(ACTIVITY) Without including any images, reproduce each entry exactly.

(MATERIAL FOR THIS TASK)

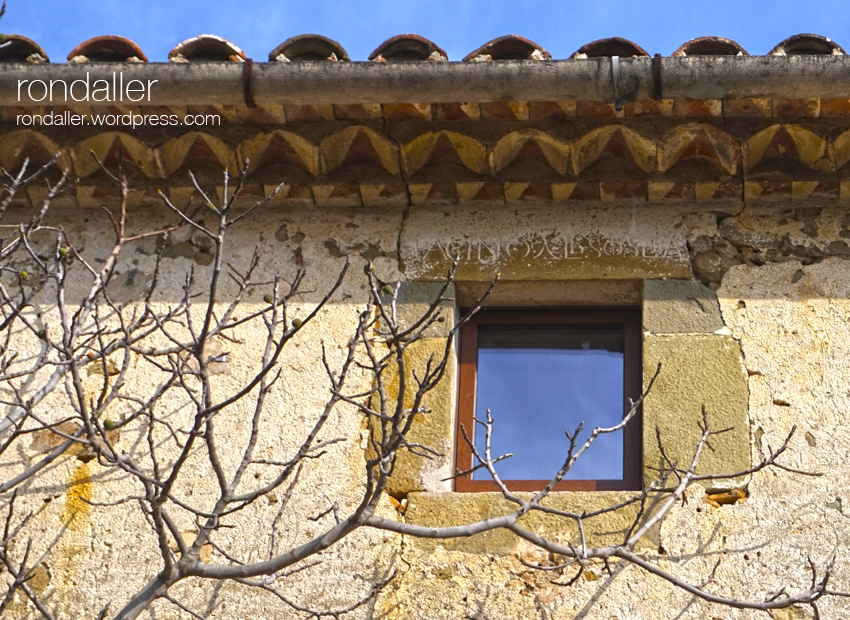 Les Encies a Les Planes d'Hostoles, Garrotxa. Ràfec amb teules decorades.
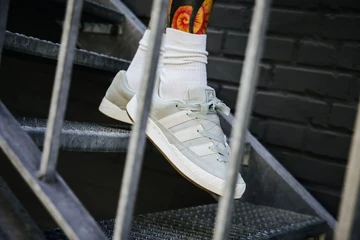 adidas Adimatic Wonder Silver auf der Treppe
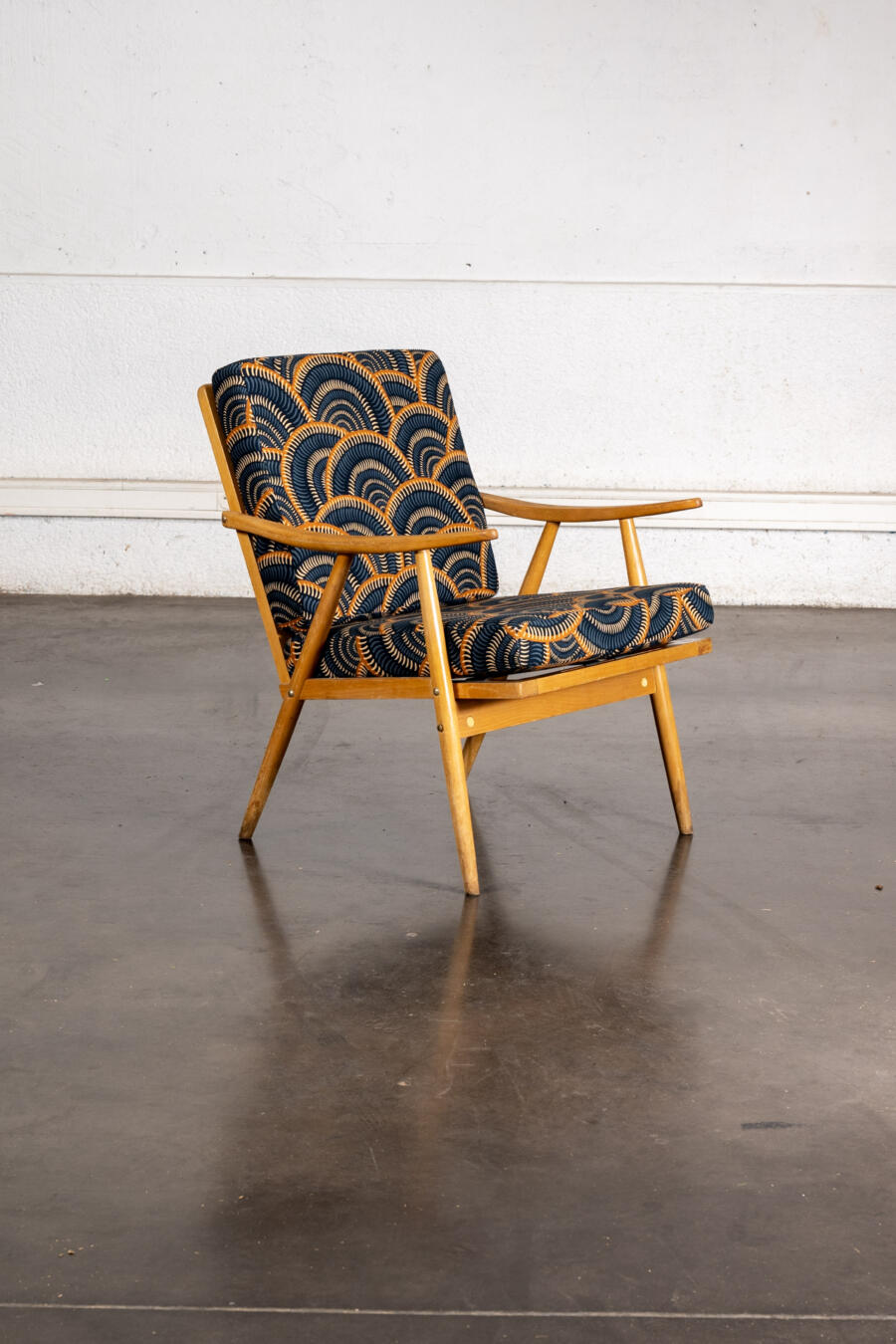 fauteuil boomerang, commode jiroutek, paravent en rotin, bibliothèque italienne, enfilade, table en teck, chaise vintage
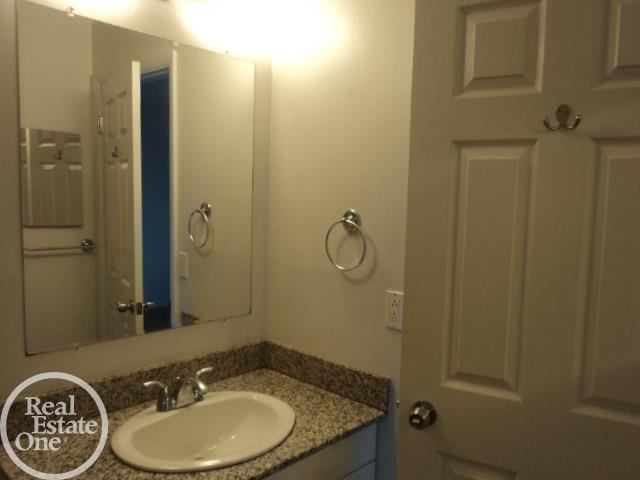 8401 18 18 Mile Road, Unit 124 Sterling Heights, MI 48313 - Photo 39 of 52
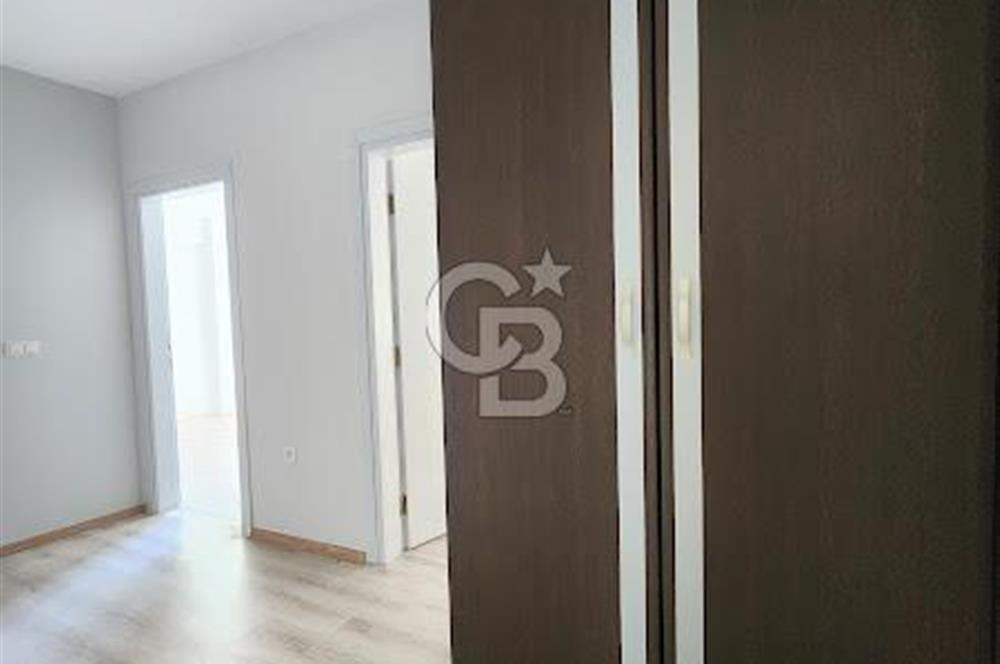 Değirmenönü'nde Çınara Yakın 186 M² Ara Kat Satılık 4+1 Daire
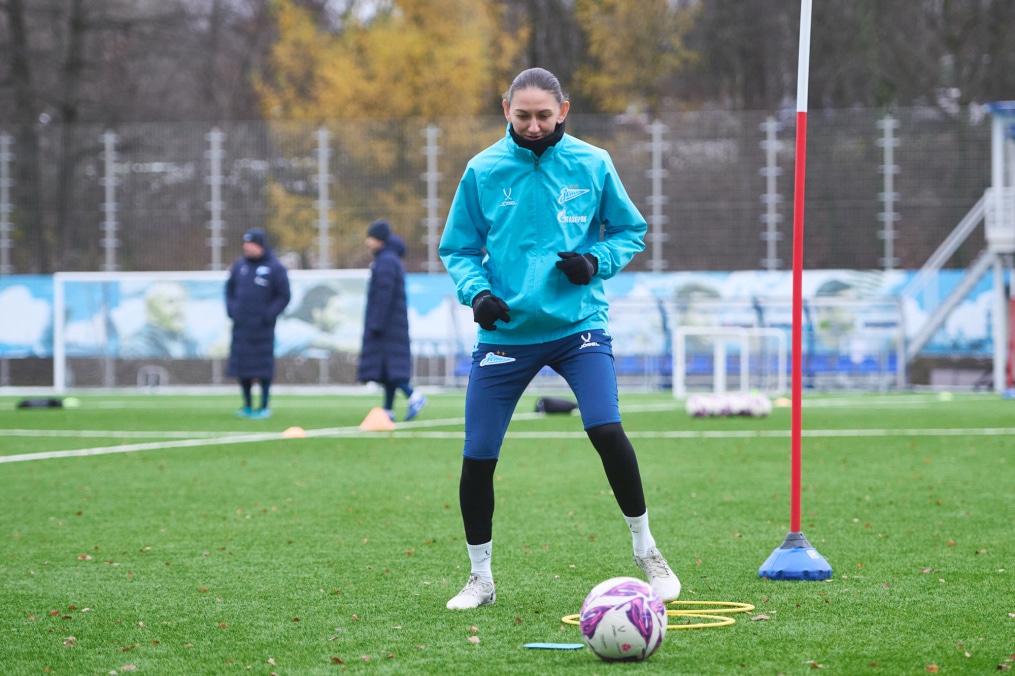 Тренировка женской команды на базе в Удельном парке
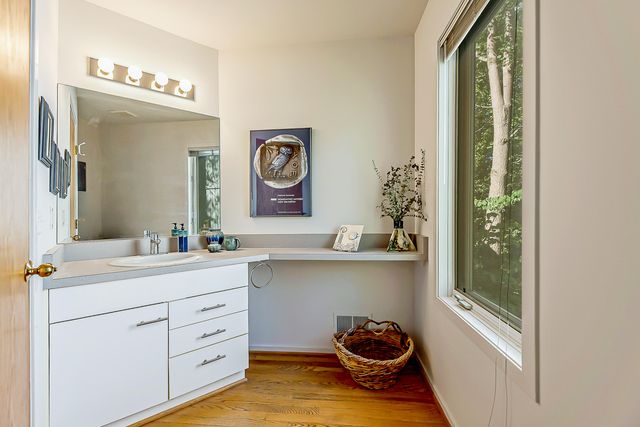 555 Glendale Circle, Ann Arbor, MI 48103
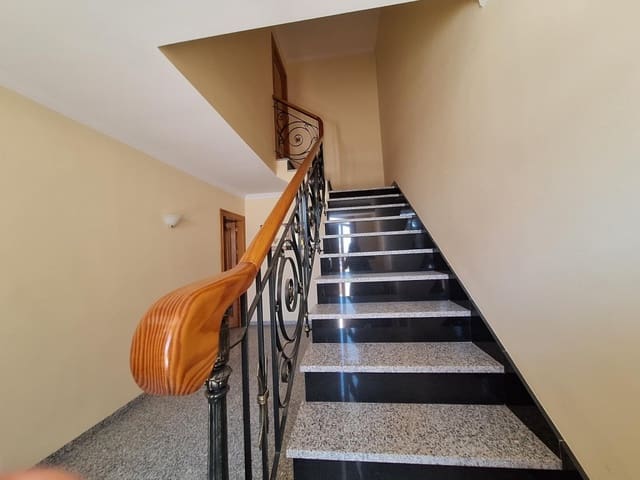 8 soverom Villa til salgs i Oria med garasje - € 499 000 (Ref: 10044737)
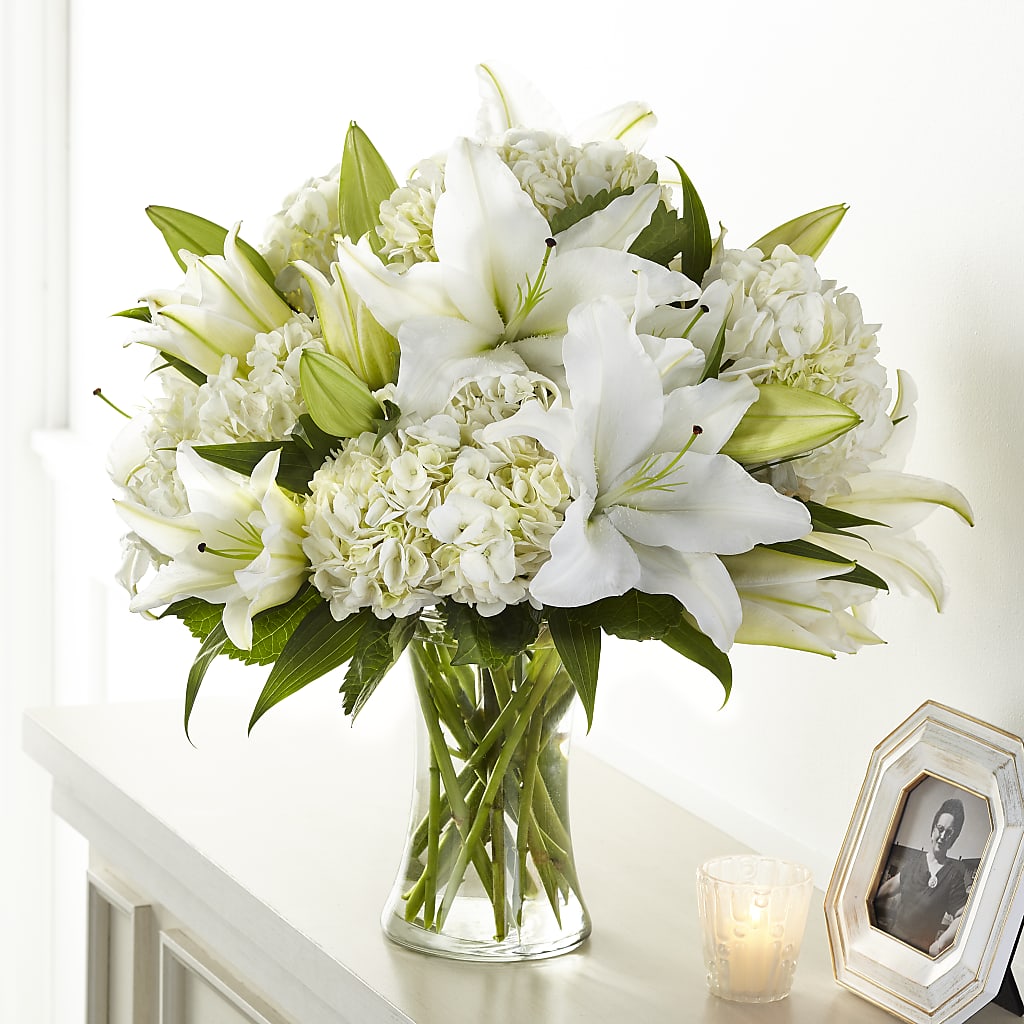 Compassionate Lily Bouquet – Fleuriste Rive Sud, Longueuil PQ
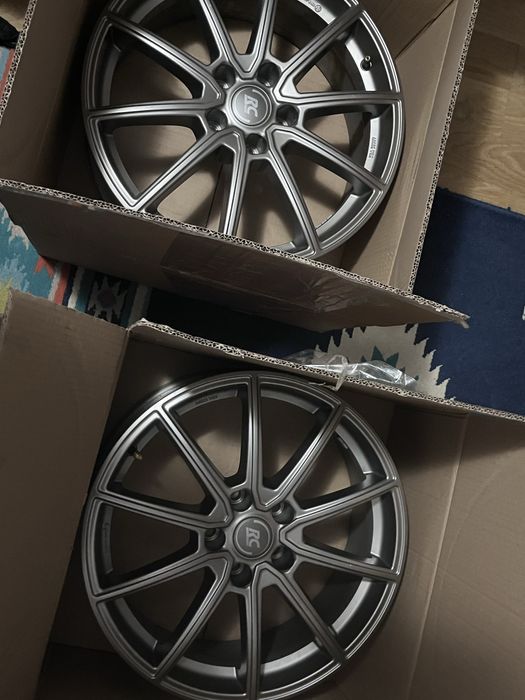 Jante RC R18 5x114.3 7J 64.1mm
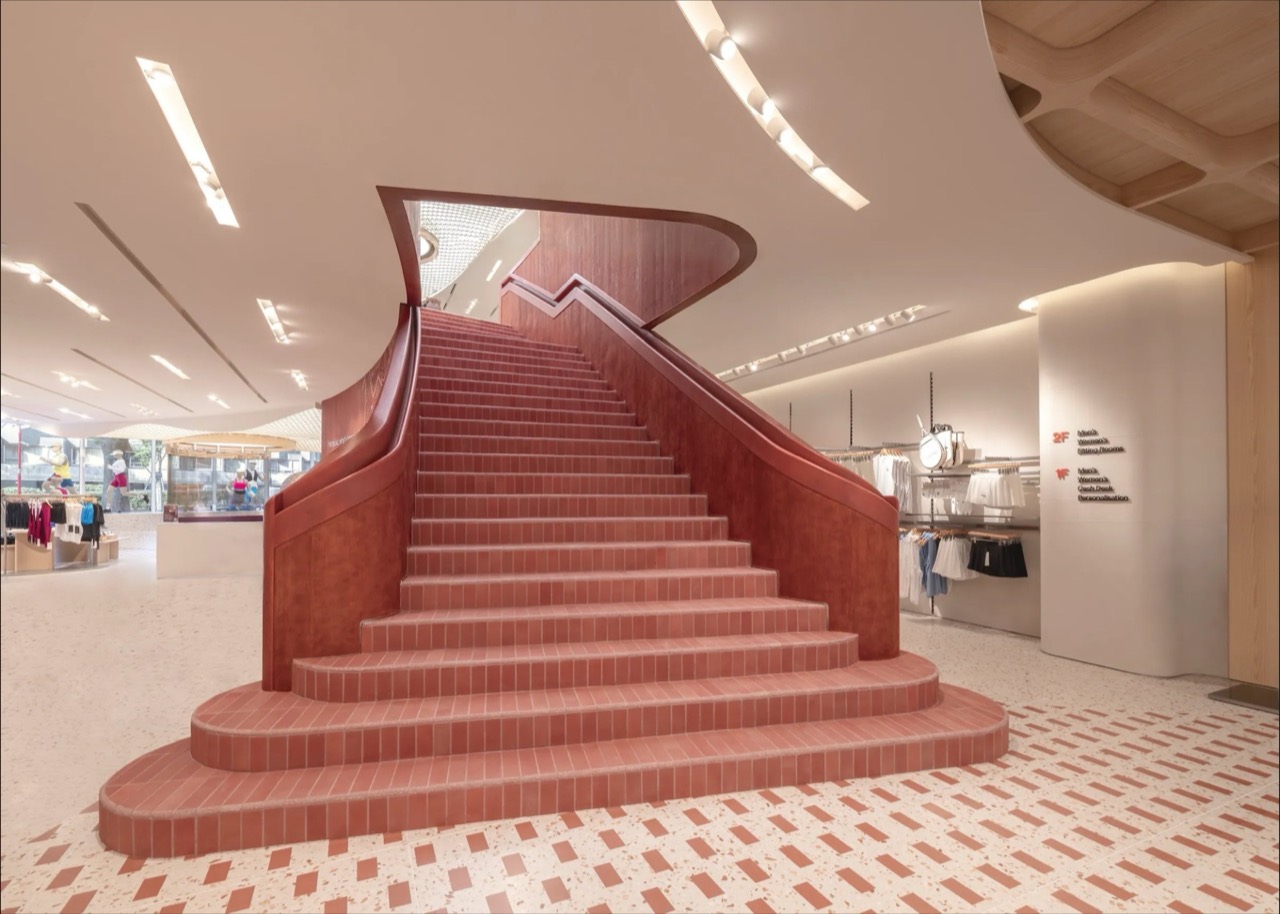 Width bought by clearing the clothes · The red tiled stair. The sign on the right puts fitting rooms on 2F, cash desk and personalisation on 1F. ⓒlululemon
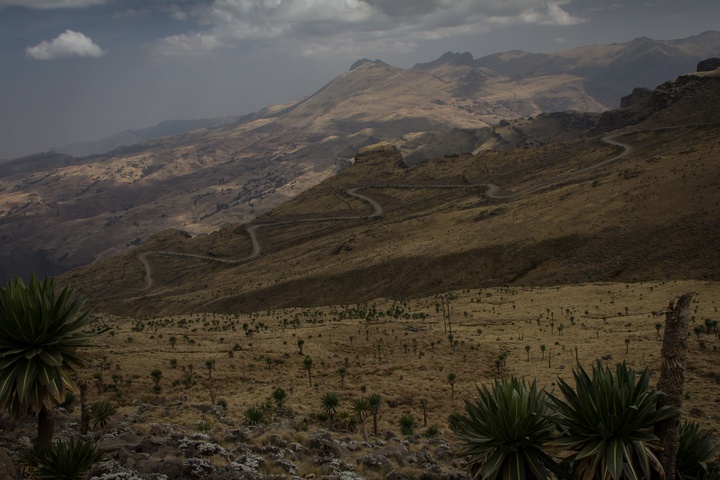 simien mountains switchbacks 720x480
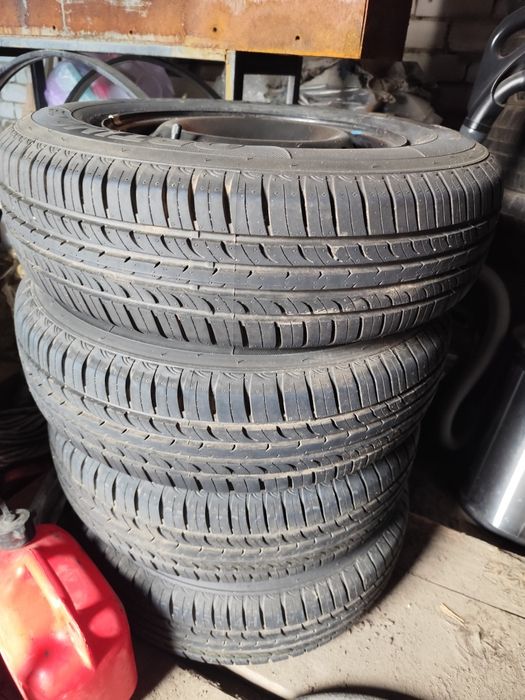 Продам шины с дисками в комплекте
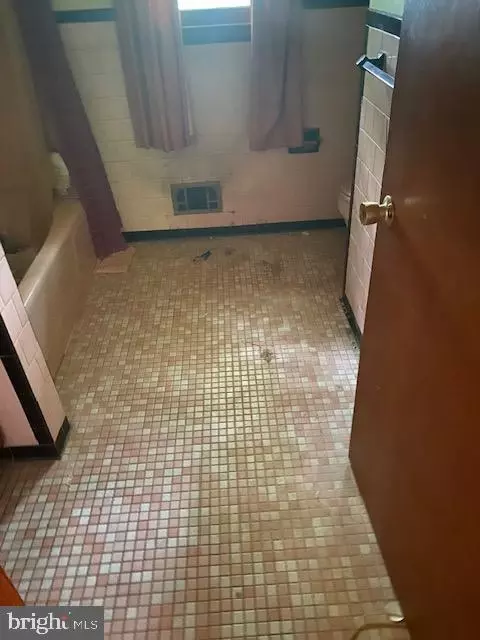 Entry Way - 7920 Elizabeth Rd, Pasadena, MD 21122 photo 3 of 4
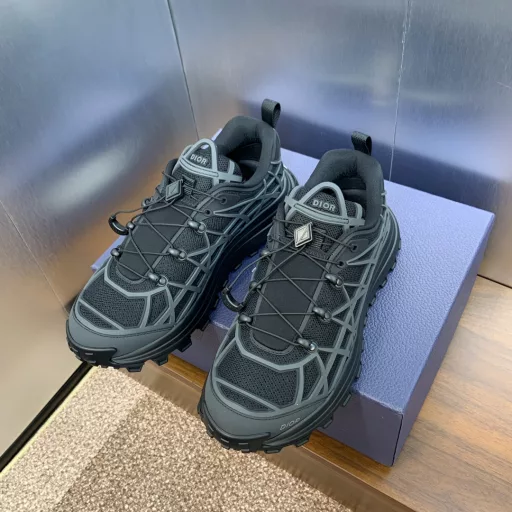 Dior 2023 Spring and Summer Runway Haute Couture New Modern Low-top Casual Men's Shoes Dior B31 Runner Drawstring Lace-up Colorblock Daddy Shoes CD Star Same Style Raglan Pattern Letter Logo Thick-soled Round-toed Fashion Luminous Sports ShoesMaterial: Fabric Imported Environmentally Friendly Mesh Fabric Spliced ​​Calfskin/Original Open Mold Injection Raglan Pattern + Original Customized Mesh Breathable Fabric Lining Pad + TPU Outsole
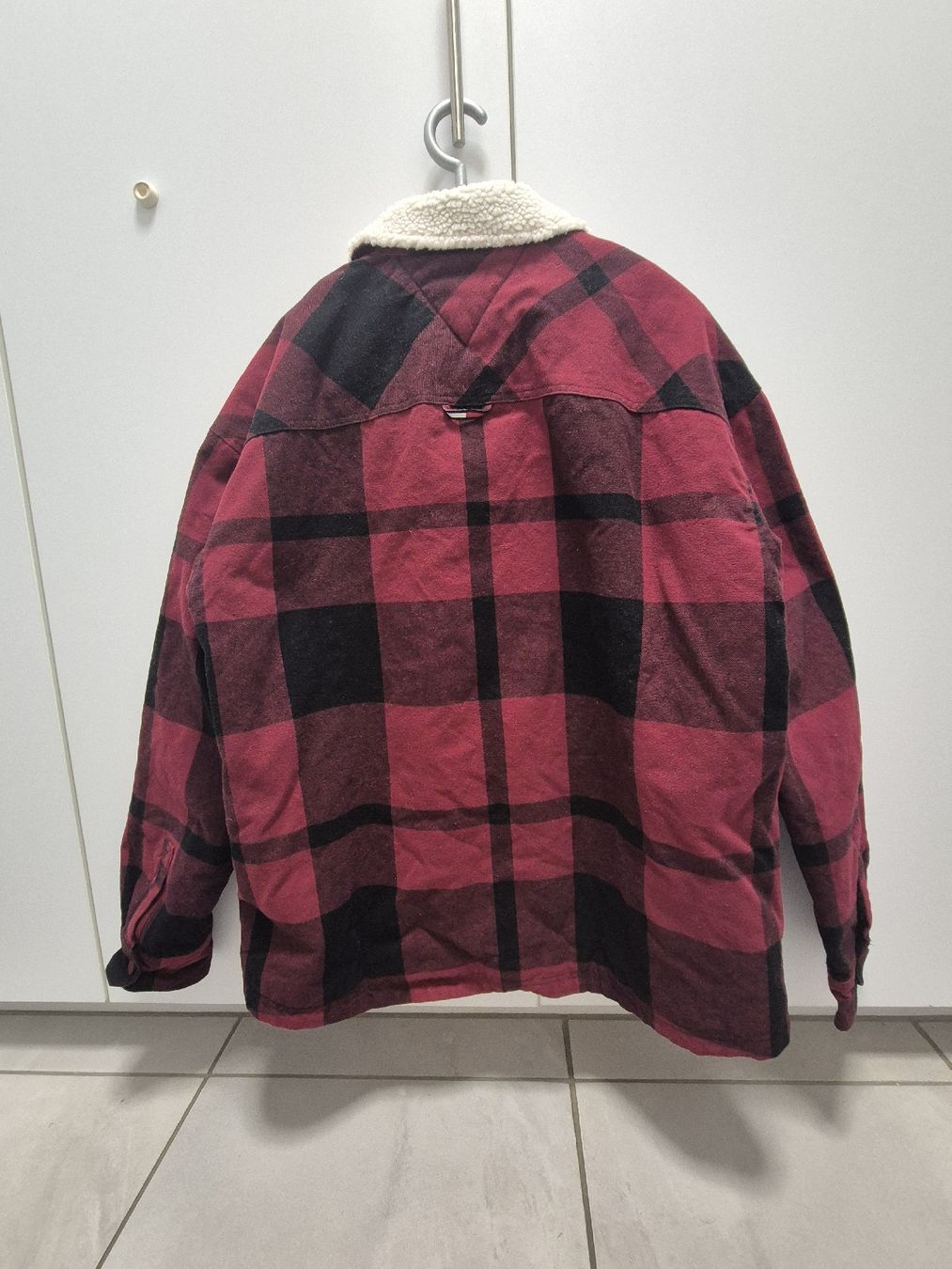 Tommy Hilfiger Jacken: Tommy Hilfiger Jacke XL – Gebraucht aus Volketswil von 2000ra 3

(PROBLEM SOLUTION)
 Les Encies a Les Planes d'Hostoles, Garrotxa. Ràfec amb teules decorades.
 adidas Adimatic Wonder Silver auf der Treppe
 fauteuil boomerang, commode jiroutek, paravent en rotin, bibliothèque italienne, enfilade, table en teck, chaise vintage
 8401 18 18 Mile Road, Unit 124 Sterling Heights, MI 48313 - Photo 39 of 52
 Değirmenönü'nde Çınara Yakın 186 M² Ara Kat Satılık 4+1 Daire
 Тренировка женской команды на базе в Удельном парке
 555 Glendale Circle, Ann Arbor, MI 48103
 8 soverom Villa til salgs i Oria med garasje - € 499 000 (Ref: 10044737)
 Compassionate Lily Bouquet – Fleuriste Rive Sud, Longueuil PQ
 Jante RC R18 5x114.3 7J 64.1mm
 Width bought by clearing the clothes · The red tiled stair. The sign on the right puts fitting rooms on 2F, cash desk and personalisation on 1F. ⓒlululemon
 simien mountains switchbacks 720x480
 Продам шины с дисками в комплекте
 Entry Way - 7920 Elizabeth Rd, Pasadena, MD 21122 photo 3 of 4
 Dior 2023 Spring and Summer Runway Haute Couture New Modern Low-top Casual Men's Shoes Dior B31 Runner Drawstring Lace-up Colorblock Daddy Shoes CD Star Same Style Raglan Pattern Letter Logo Thick-soled Round-toed Fashion Luminous Sports ShoesMaterial: Fabric Imported Environmentally Friendly Mesh Fabric Spliced ​​Calfskin/Original Open Mold Injection Raglan Pattern + Original Customized Mesh Breathable Fabric Lining Pad + TPU Outsole
 Tommy Hilfiger Jacken: Tommy Hilfiger Jacke XL – Gebraucht aus Volketswil von 2000ra 3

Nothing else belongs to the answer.